Cette réforme, préparée secrètement par la France et Alassane Ouattara, remet par ailleurs en question le projet de monnaie unique de la Communauté économique des États d’Afrique de l’Ouest (Cedeao), dont font partie les pays de l’Uemoa. La Cedeao, qui comprend 15 pays, avait prévu de lancer cette monnaie en 2020, laquelle devait s’appeler elle aussi... eco. Ce plan paraissait jusqu’ici mal engagé, notamment parce que les pays de l’Uemoa n’ont pas présenté de
plan de divorce avec le Trésor français, comme l’a exigé le Nigeria, poids lourd de la zone, mais il faisait encore l’objet de discussions. En renommant le franc CFA avec l’appellation choisie par la Cedeao, en ne faisant pas référence à ce projet de monnaie unique, Emmanuel Macron et Alassane Ouattara plongent pour le moins la zone dans davantage de confusion.
L’économiste et opposant ivoirien Mamadou Koulibaly va plus loin : la réforme du franc CFA va « court-circuiter la monnaie de la Cedeao », a-t-il estimé dans un texte publié sur les réseaux sociaux, ajoutant : « Le franc CFA d’Afrique de l’Ouest est mort, nous dit-on, et son fantôme vient hanter l’eco que nous attendions de la Cedeao. » C’est aussi ce que pense Ndongo Samba Sylla, selon qui « Macron et Ouattara ont signé l’acte de décès du projet d’intégration monétaire » de la Cedeao.
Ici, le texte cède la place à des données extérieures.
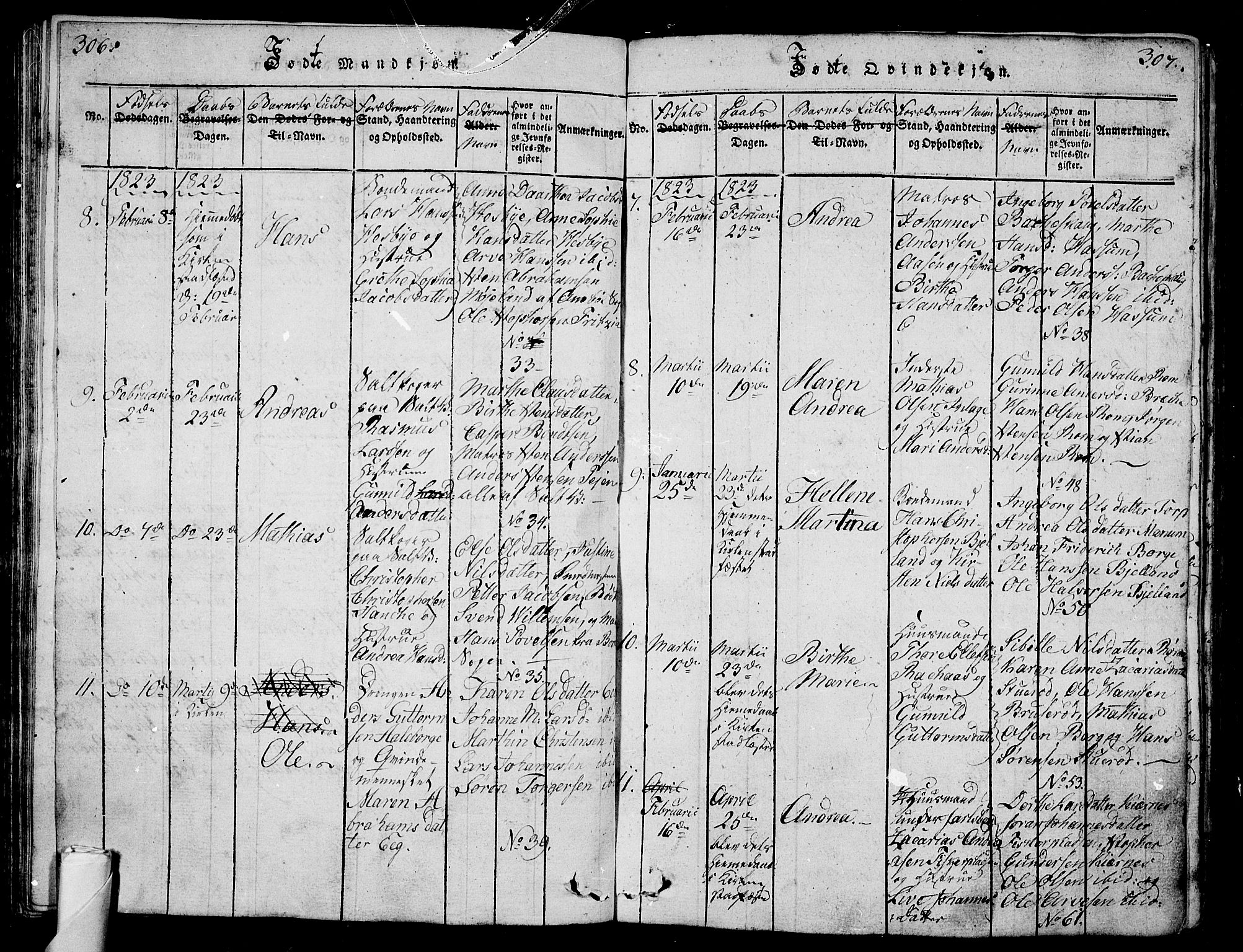 Sem kirkebøker, SAKO/A-5/G/Ga/L0001: Parish register (copy) no. I 1, 1814-1825, p. 306-307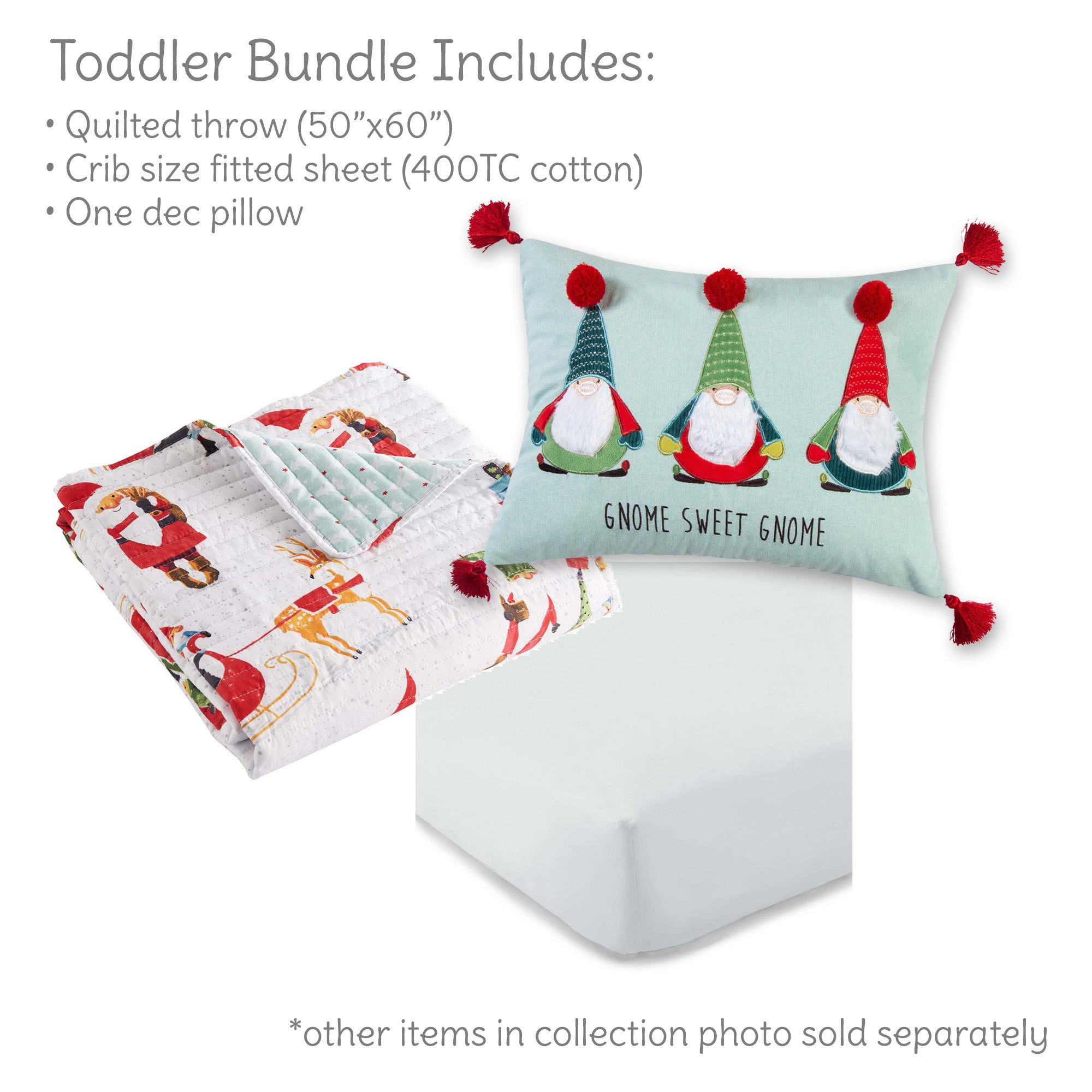 Levtex Home Gnome for the Holidays 3-Piece Toddler Bedding Set Toddler Sets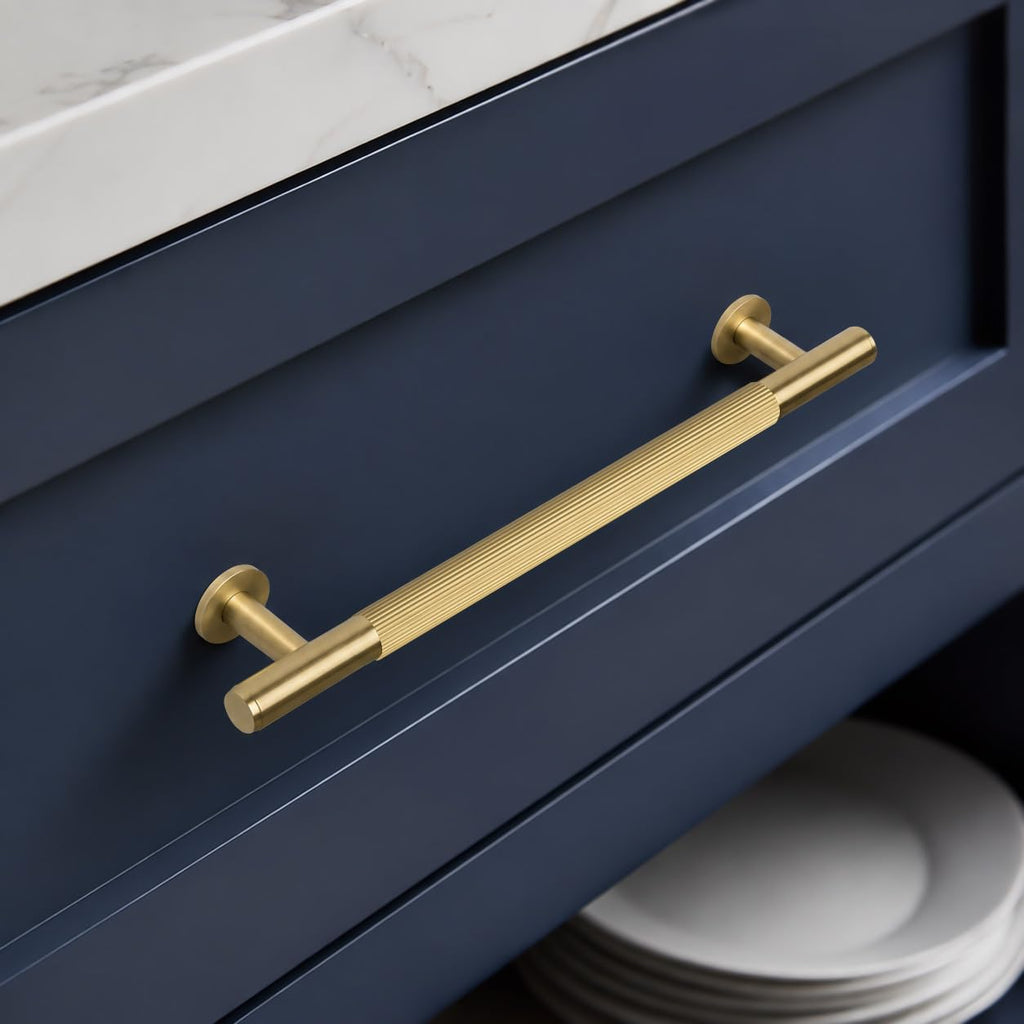 Solid Brass Cabinet Pulls, 5-Inch Hole Center Handles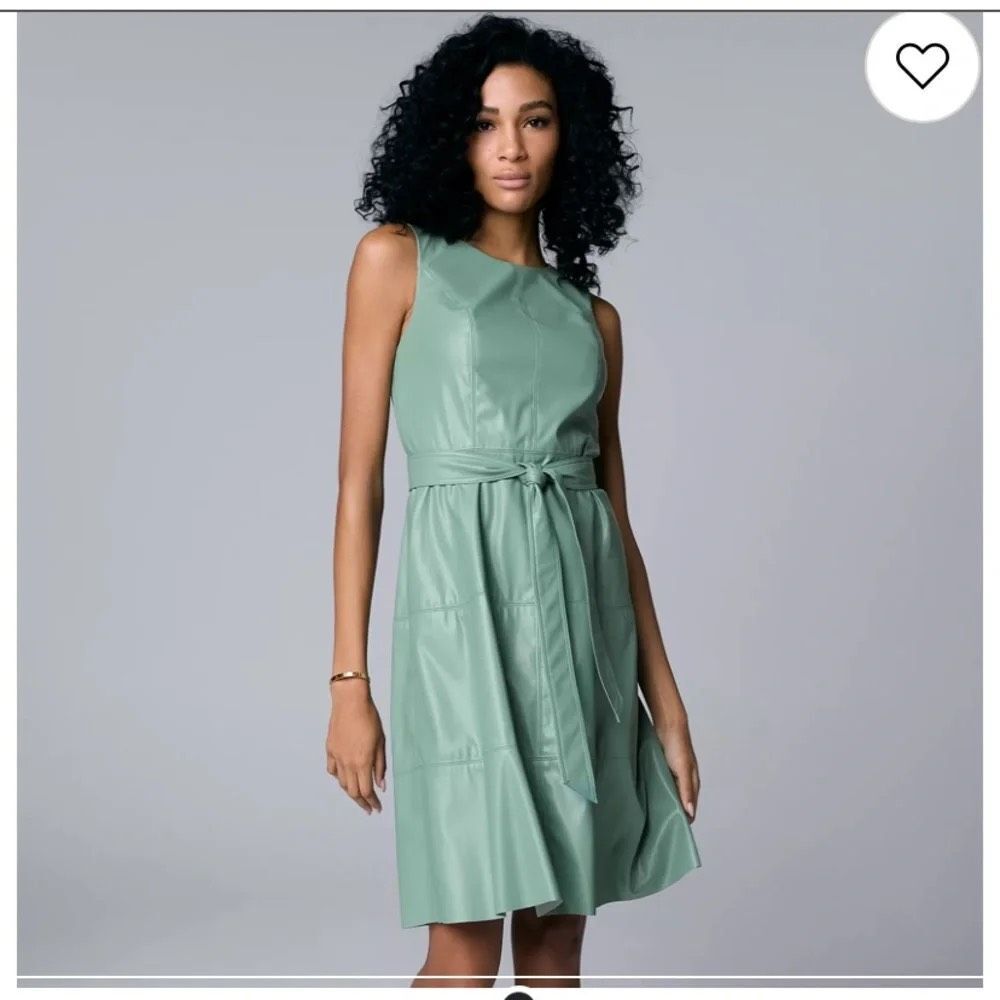 NWT Simply Vera Vera Wang Moxie Green Vegan Leather Dress Size Large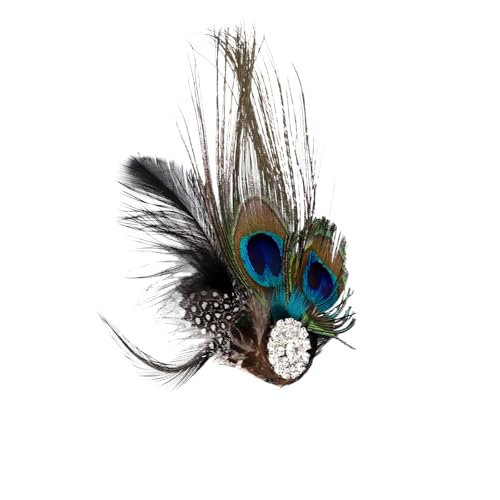 Pinza para cabello con plumas de pavo real Song Qing para mujeres miniatura 5
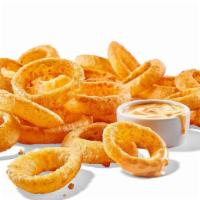 Beer Battered Onion Rings (Large)
 · thick-cut onion rings / beer batter /
southwestern ranch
Quant à l’association française Survie, elle a déclaré : l’annonce de changement des deux présidents « permet de récupérer et d’empêcher la réforme d’intégration monétaire des pays de la Cedeao, et témoigne plutôt d’une volonté de maintenir la domination de la France sur cette nouvelle monnaie ».
Emmanuel Macron, qui a aussi déclaré à Abidjan que le colonialisme a été une « faute de la République», va ainsi difficilement réussir à faire baisser la tension et la pression de l’opinion publique, menaçant la survie de l’empire monétaire français, comme il l’escomptait. Dans le passé, la France avait déjà été obligée à plusieurs reprises d’apporter quelques légères modifications au fonctionnement du système CFA, pressée par quelques dirigeants africains. Elle avait à chaque fois réussi à faire cesser la contestation. Mais les temps ont visiblement changé.
Se pose aussi la question de l’avenir du franc CFA de la Communauté économique et monétaire de l’Afrique centrale (Cemac), qui comprend six pays. Jusqu’ici, les « réformes » concernant l’Uemoa ont toujours été transposées peu après au franc CFA de la Cemac. Les chefs d’État de la zone, qui ont eux aussi récemment évoqué la nécessité d’opérer des changements dans leur franc CFA, certains militant pour son abolition, accepteront-ils qu’un scénario similaire à celui actuellement mis en œuvre dans l’Uemoa s’applique chez eux ?
Fanny Pigeaud a coécrit un livre sur le franc CFA avec Ndongo Samba Sylla : L’Arme invisible de la Françafrique, une histoire du franc CFA, La Découverte, 2018.